Partially, it was bounded rationality. I didn’t realize how much better I could be, so I was making decisions that this was “good enough” behavior for increasing my game. Maybe I was a “good enough” pool player already or the improvements I were making were at a “fast enough” pace already. After seeing some amazing players, I knew that this wasn’t me though. I wanted to be much better than I currently was.

Part of it was the halo effect. “I saw SVB playing on his phone, so it’s ok for me to play on my phone” is this one. I was totally doing this. It’s kind of like seeing an anorexic person eating a donut and thinking that donuts must have no calories. This person is a great pool player, so I assume that they must be doing “everything” in the best way possible. That’s quite a big one that I needed to overcome.
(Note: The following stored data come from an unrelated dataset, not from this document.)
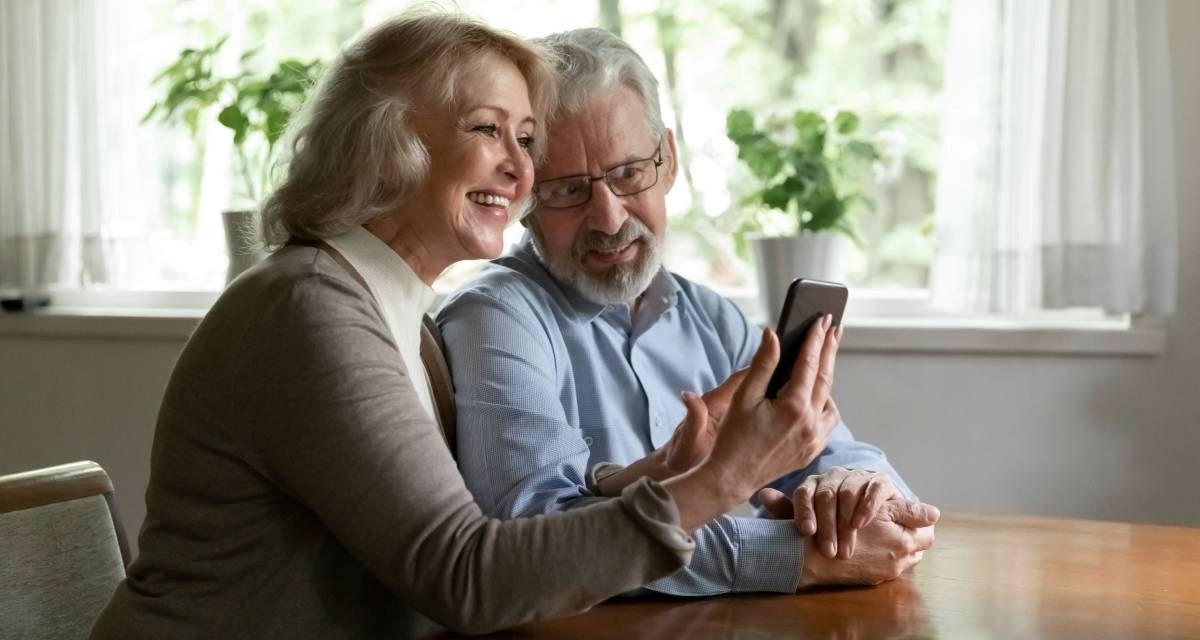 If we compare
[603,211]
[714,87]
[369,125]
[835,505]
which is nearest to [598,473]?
[835,505]

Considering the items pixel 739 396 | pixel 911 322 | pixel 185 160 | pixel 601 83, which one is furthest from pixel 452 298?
pixel 185 160

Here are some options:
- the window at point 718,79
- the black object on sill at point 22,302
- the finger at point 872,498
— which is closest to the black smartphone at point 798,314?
the finger at point 872,498

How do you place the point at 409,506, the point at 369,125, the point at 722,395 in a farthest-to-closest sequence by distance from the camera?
the point at 722,395 → the point at 369,125 → the point at 409,506

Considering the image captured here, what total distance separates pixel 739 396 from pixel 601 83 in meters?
0.65

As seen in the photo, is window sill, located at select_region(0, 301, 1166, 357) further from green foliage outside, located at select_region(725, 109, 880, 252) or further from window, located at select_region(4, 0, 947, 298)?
window, located at select_region(4, 0, 947, 298)

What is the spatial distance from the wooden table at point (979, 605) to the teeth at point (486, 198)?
0.50 m

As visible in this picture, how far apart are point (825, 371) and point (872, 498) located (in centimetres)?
21

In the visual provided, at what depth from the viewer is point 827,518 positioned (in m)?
1.43

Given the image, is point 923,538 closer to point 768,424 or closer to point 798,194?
point 768,424

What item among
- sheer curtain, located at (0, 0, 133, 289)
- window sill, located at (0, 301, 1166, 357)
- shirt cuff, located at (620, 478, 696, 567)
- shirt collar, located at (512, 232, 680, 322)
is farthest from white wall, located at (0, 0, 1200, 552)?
sheer curtain, located at (0, 0, 133, 289)

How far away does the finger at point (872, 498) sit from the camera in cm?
144

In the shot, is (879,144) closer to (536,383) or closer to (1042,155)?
(1042,155)

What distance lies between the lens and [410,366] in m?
1.43

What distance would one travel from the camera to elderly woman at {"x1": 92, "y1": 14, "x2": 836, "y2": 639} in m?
1.19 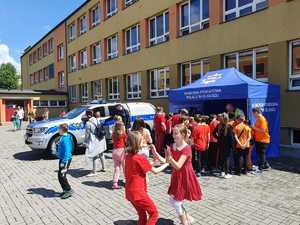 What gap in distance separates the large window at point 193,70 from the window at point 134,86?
474 cm

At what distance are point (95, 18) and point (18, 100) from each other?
14056mm

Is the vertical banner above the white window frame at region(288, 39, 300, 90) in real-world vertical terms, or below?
below

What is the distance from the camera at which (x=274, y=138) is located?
10695 millimetres

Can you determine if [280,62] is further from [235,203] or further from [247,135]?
[235,203]

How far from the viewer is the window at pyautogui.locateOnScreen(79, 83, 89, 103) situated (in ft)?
106

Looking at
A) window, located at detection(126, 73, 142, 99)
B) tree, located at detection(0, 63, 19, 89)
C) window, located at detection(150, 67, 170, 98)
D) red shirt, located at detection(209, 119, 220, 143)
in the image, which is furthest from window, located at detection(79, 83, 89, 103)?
tree, located at detection(0, 63, 19, 89)

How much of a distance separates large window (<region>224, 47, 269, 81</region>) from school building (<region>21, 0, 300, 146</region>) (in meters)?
0.01

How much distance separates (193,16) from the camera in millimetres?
17141

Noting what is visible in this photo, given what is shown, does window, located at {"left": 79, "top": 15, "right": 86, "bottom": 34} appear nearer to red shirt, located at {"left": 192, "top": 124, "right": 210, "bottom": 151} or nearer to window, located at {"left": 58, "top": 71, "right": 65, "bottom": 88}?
window, located at {"left": 58, "top": 71, "right": 65, "bottom": 88}

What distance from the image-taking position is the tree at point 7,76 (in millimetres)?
74562

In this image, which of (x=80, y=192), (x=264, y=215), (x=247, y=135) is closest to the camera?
(x=264, y=215)

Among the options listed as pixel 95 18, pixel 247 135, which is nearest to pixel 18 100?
pixel 95 18

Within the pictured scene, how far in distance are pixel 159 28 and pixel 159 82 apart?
307 centimetres

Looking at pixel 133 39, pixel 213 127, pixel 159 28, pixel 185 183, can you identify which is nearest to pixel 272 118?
pixel 213 127
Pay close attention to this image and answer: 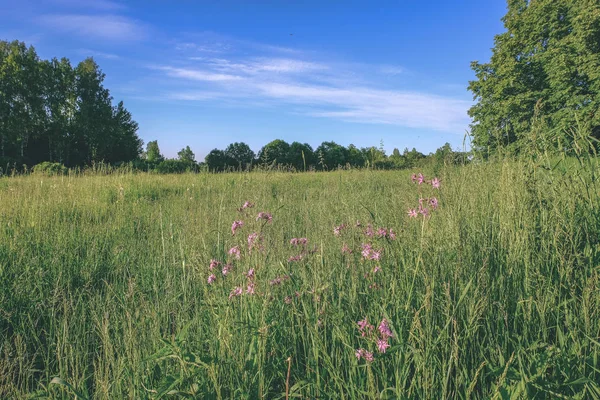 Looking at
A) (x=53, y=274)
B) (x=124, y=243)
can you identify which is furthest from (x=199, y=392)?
(x=124, y=243)

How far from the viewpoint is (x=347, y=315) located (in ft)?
6.14

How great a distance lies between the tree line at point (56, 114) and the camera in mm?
33688

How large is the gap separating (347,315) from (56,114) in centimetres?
4504

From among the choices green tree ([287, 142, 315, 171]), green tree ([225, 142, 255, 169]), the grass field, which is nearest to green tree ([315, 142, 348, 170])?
→ green tree ([287, 142, 315, 171])

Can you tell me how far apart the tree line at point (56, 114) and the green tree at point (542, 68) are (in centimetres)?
3274

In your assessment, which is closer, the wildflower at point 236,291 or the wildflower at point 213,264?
the wildflower at point 236,291

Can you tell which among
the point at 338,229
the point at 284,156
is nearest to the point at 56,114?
the point at 284,156

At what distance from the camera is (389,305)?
6.33 feet

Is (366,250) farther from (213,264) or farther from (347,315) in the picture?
(213,264)

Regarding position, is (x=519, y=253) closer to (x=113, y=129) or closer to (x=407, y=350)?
(x=407, y=350)

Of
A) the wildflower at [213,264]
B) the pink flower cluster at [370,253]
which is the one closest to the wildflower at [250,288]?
the wildflower at [213,264]

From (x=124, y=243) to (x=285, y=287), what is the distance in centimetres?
291

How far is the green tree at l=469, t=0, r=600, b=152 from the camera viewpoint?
1875 centimetres

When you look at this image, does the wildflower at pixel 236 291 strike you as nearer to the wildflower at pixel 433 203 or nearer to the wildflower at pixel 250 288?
the wildflower at pixel 250 288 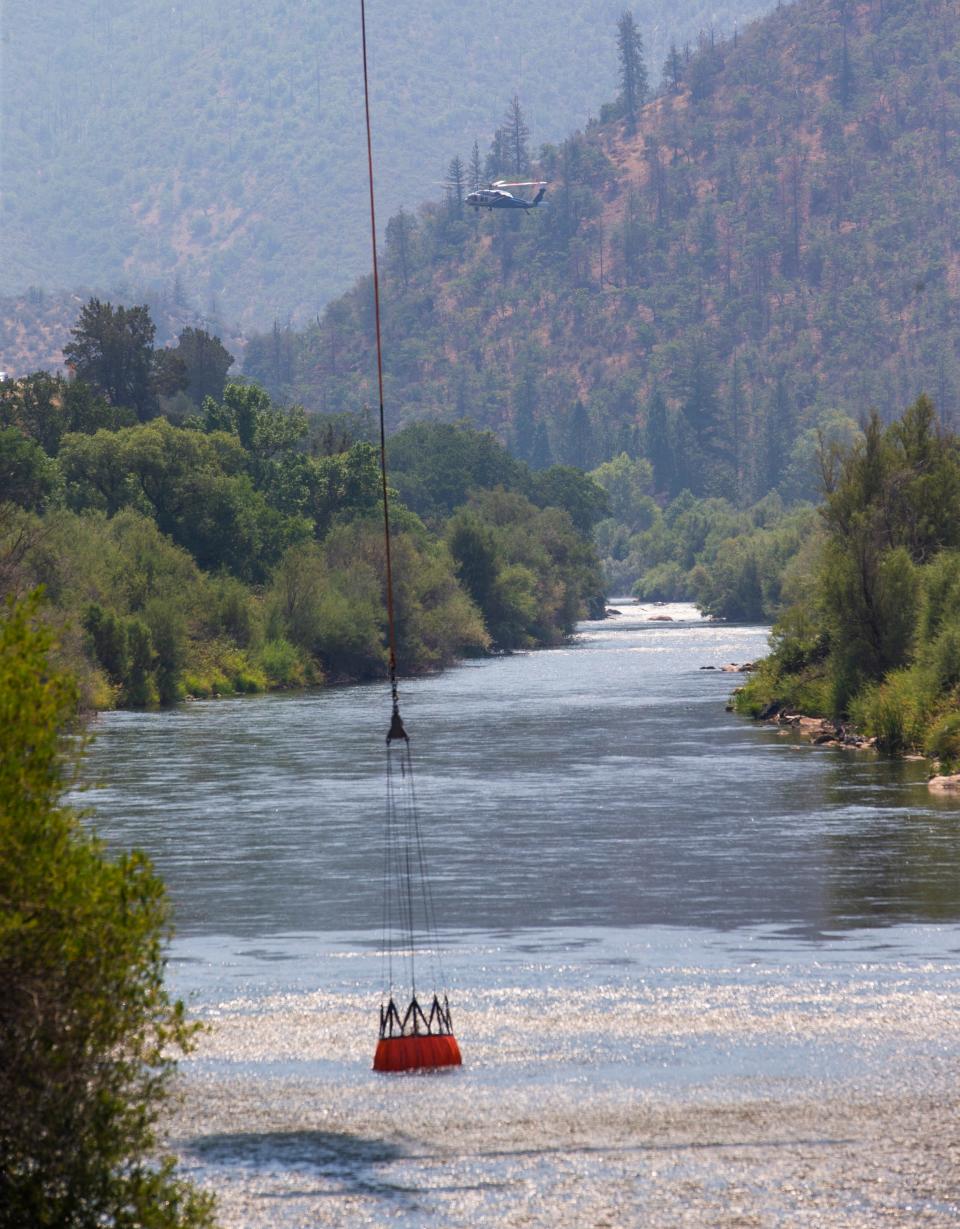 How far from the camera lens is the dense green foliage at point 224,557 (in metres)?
87.1

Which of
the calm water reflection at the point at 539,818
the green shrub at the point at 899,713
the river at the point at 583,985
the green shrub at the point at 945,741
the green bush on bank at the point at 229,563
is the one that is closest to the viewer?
the river at the point at 583,985

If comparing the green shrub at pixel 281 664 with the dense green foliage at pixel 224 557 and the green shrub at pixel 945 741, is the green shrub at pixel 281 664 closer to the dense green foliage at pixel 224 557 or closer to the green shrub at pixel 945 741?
the dense green foliage at pixel 224 557

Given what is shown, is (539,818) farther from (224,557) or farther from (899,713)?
(224,557)

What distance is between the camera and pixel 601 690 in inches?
3472

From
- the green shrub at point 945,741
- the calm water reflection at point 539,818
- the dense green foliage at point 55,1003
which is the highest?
the dense green foliage at point 55,1003

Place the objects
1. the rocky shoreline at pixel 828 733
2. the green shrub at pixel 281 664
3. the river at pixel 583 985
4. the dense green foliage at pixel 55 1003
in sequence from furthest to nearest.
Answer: the green shrub at pixel 281 664 < the rocky shoreline at pixel 828 733 < the river at pixel 583 985 < the dense green foliage at pixel 55 1003

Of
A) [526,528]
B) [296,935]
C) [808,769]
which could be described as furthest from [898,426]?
[526,528]

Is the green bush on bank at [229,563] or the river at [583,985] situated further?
the green bush on bank at [229,563]

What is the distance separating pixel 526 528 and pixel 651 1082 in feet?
452

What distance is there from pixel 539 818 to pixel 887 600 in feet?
66.9

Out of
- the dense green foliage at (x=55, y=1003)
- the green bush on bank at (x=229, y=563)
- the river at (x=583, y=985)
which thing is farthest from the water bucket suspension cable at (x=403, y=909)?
the green bush on bank at (x=229, y=563)

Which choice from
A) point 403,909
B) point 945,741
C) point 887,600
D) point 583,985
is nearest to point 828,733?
point 887,600

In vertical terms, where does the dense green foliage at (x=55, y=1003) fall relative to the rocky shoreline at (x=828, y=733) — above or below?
above

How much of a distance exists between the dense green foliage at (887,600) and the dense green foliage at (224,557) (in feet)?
85.2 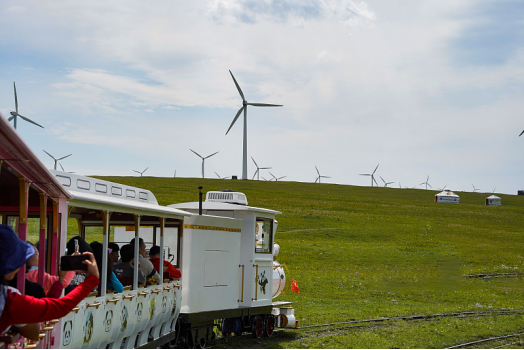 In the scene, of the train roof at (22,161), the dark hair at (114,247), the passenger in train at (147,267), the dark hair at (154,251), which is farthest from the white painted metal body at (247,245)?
the train roof at (22,161)

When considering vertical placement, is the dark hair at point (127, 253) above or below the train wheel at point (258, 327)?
above

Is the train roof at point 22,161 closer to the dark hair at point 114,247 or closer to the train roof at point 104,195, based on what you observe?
the train roof at point 104,195

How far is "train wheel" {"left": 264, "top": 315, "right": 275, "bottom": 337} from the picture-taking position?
17672mm

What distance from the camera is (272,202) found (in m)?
72.8

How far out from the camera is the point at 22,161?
609 centimetres

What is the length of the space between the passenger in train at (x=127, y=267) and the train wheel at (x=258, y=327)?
5988mm

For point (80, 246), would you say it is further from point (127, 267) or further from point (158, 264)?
point (158, 264)

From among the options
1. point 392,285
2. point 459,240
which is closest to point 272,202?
point 459,240

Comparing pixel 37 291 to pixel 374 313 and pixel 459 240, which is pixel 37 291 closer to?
pixel 374 313

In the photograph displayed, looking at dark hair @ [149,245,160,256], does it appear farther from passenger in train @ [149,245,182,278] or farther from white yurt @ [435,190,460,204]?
white yurt @ [435,190,460,204]

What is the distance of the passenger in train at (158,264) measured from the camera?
13.1 metres

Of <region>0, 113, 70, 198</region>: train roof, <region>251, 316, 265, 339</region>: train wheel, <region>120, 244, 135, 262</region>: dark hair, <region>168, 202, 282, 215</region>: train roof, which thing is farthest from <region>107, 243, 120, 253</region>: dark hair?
<region>251, 316, 265, 339</region>: train wheel

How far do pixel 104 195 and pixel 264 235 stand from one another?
24.1ft

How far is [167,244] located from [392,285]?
79.4 ft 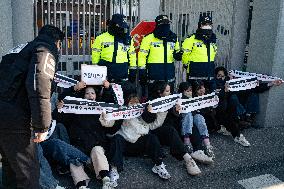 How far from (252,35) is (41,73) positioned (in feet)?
16.7

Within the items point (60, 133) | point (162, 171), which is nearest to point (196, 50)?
point (162, 171)

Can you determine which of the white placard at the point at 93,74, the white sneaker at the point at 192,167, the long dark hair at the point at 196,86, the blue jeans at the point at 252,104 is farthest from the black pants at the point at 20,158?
the blue jeans at the point at 252,104

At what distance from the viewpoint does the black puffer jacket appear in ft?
9.31

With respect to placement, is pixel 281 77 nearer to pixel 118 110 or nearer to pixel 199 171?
pixel 199 171

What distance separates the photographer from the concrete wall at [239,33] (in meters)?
7.11

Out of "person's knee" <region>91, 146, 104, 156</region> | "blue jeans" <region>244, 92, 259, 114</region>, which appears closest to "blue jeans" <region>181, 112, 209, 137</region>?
"person's knee" <region>91, 146, 104, 156</region>

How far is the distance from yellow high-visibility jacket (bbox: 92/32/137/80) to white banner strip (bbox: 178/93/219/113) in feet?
3.65

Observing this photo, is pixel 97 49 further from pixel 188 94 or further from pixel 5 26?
pixel 188 94

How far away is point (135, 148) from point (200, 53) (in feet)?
7.43

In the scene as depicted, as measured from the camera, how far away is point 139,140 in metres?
4.65

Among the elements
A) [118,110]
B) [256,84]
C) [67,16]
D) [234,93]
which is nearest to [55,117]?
[118,110]

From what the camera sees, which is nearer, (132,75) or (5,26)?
(5,26)

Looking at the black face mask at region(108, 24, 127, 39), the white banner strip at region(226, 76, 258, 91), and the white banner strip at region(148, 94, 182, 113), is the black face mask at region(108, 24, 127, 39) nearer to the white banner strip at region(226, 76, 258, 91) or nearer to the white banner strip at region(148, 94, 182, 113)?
the white banner strip at region(148, 94, 182, 113)

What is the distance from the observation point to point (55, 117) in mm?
4547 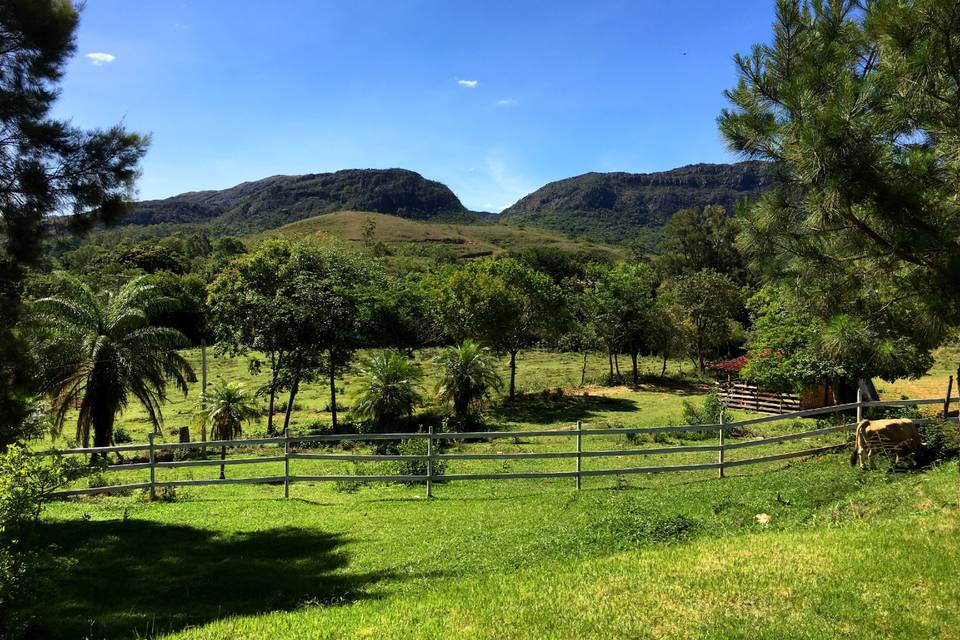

Part of it was the licensing effect. Allowing myself to indulge after doing something positive or negative first. High fiving friends after an amazing shot, was part of it. The harder one was feeling the need to say something after a really bad shot like “at least the leave on the next ball was good” or “I’m playing like crap today” makes no sense. It’s like drinking a diet coke with a super-sized value meal. Doing one doesn’t discount the negative effect of the other. Why did I feel the need to makes comments after a bad shot? I feel it was often just to get justification that I was a better pool player than that shot indicated I was. This was especially true when I felt I missed an “easy” shot. Rather than commenting like “ugh, that was an easy one I missed”, I needed to accept that clearly the shot wasn’t easy for me, because I missed it. It could be that my own insecurities was making my game even worse. My preconceived ideas of the poolplayer I was, clearly was getting in the way of the poolplayer I could become.

This was a really hard thing to do. Much harder  running drills for hours. It was really weird to me how hard it actually was to just be quiet during my match and concentrate on it. The results were amazing though. The concentration does help me quite a bit. I decided that I could drink and socialize, but only when I was not playing pool. So I had to determine when I was “playing pool” and when I wasn’t. I considered that when my opponent was shooting, I was still technically “playing pool” because my leaves affected him, and the table he was playing affected me. So at the very minimum I needed to concentrate the entire match of games from beginning to end. From the moment I screwed my cue together until the moment I broke down my cue, I was playing. Associating it with that physical act helped me define what I needed to do. Because drinking beers before matches affected my play, I limited myself to no caffeinated soda and no beer before my play, no matter how long the other people’s matches lasted, I couldn’t order a beer. Because I have a tremor, caffeinated soda affects my hands more than the average person. I limited that until after all my games were done also.

The concentration works. Suddenly I wasn’t making silly mistakes. I wasn’t rushing shots. I wasn’t making nearly as many mental errors. The game started to be less about my ability to execute, and more about my lack knowledge of the game and how things were going to react. Both of which, I have massive growing to do in. My ability to put the cue on a spot on the table with a certain speed and spin has increased, but my knowledge of what speed and spin to use still has a long ways to go.